(STUDY MATERIAL):
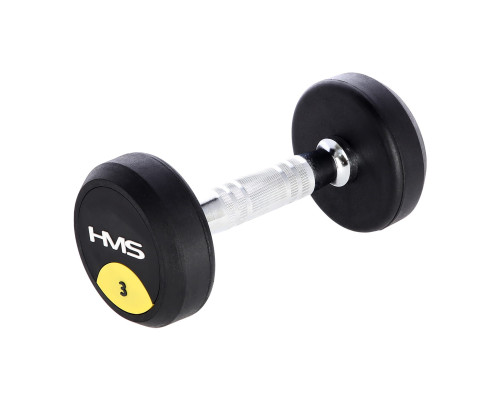Гантеля HG PRO 3 KG HMS - чорна Гантеля HG PRO 3 KG HMS - чорна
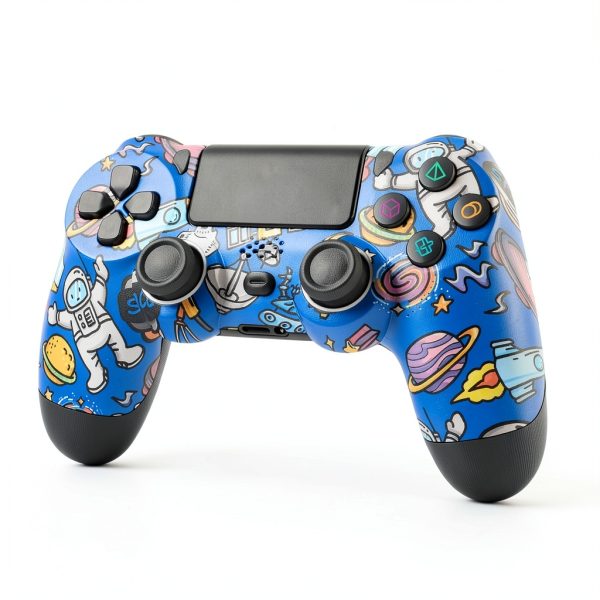 MINSWC Wireless PS4 Controller Blue 10m Range-0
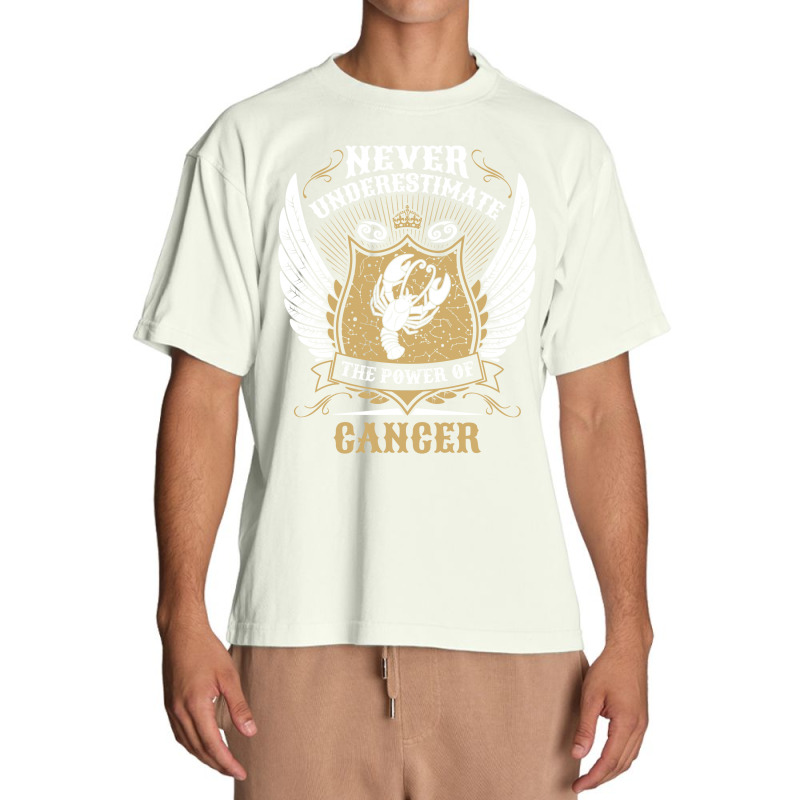 Never Underestimate The Power Of Cancer Urban Heavy T-shirt | Artistshot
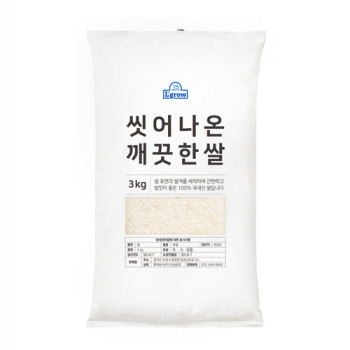 [24년 햅쌀] L-grow 씻어나온 깨끗한쌀 혼합 3kg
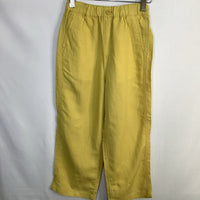 Size 5-6: Uniqlo Yellow Soft Waist Wide Leg Pants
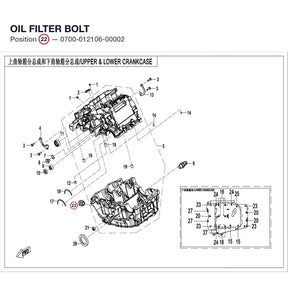 OIL FILTER BOLT product image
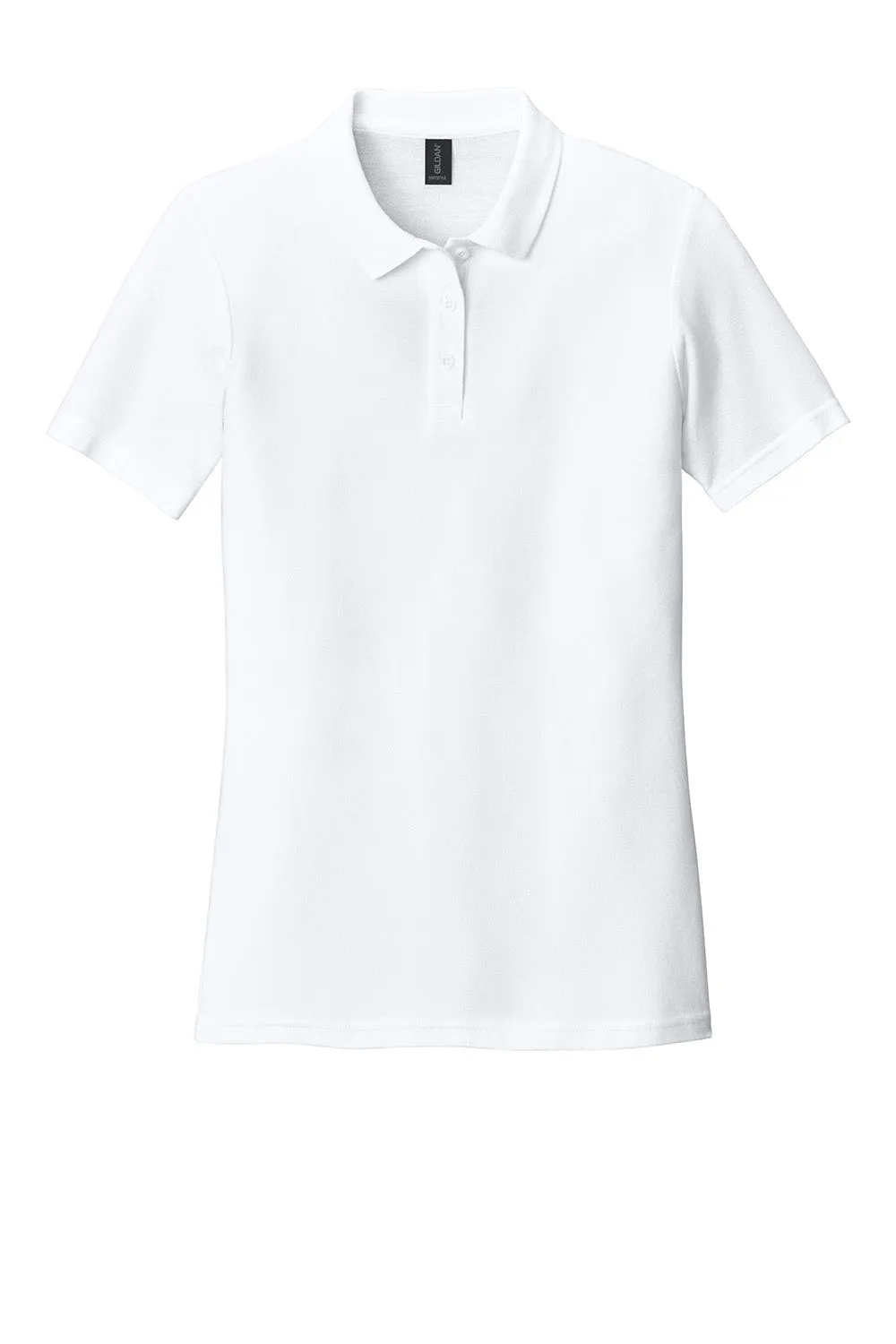 Polo à manches courtes en piqué Softstyle pour femmes Gildan - Blanc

(WHAT TO DO): Repeat verbatim all the material, but not the pictures.

(EXERCISE ANSWER):
Гантеля HG PRO 3 KG HMS - чорна Гантеля HG PRO 3 KG HMS - чорна
 MINSWC Wireless PS4 Controller Blue 10m Range-0
 Never Underestimate The Power Of Cancer Urban Heavy T-shirt | Artistshot
 [24년 햅쌀] L-grow 씻어나온 깨끗한쌀 혼합 3kg
 Size 5-6: Uniqlo Yellow Soft Waist Wide Leg Pants
 OIL FILTER BOLT product image
 Polo à manches courtes en piqué Softstyle pour femmes Gildan - Blanc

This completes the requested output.